**What is being asked:** Return the data below unchanged. Drop any pictures.

**Data section:**
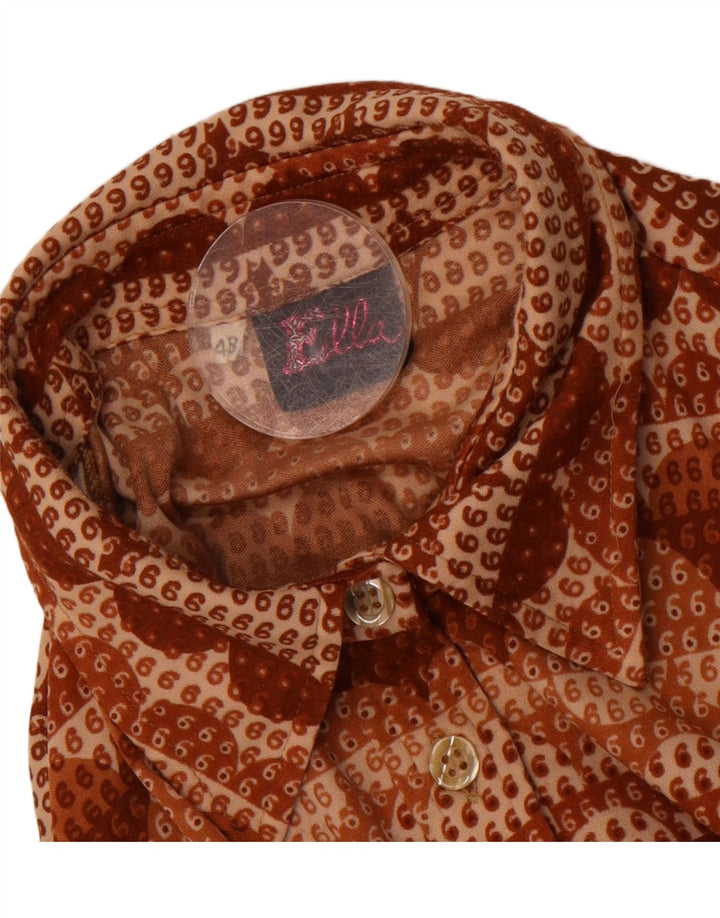 ELLA Womens Pullover Shirt IT 48 XL Brown Geometric Vintage Ella and Second-Hand Ella from Messina Hembry 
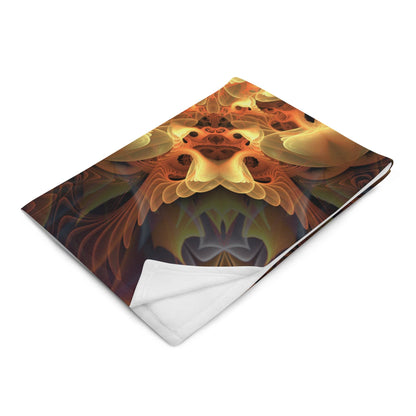 Angled left-front view of the Totem Sun fractal mandala throw blanket showing its drape and dimension.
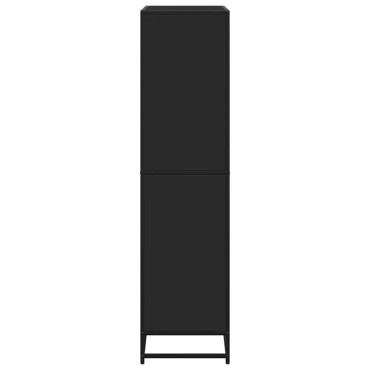 vidaXL Βιβλιοθήκη Μαύρο 80,5x35x139cm Ξύλινη κατασκευή 1 τεμ.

**Solution for this task:**
 ELLA Womens Pullover Shirt IT 48 XL Brown Geometric Vintage Ella and Second-Hand Ella from Messina Hembry 
 Angled left-front view of the Totem Sun fractal mandala throw blanket showing its drape and dimension.
 vidaXL Βιβλιοθήκη Μαύρο 80,5x35x139cm Ξύλινη κατασκευή 1 τεμ.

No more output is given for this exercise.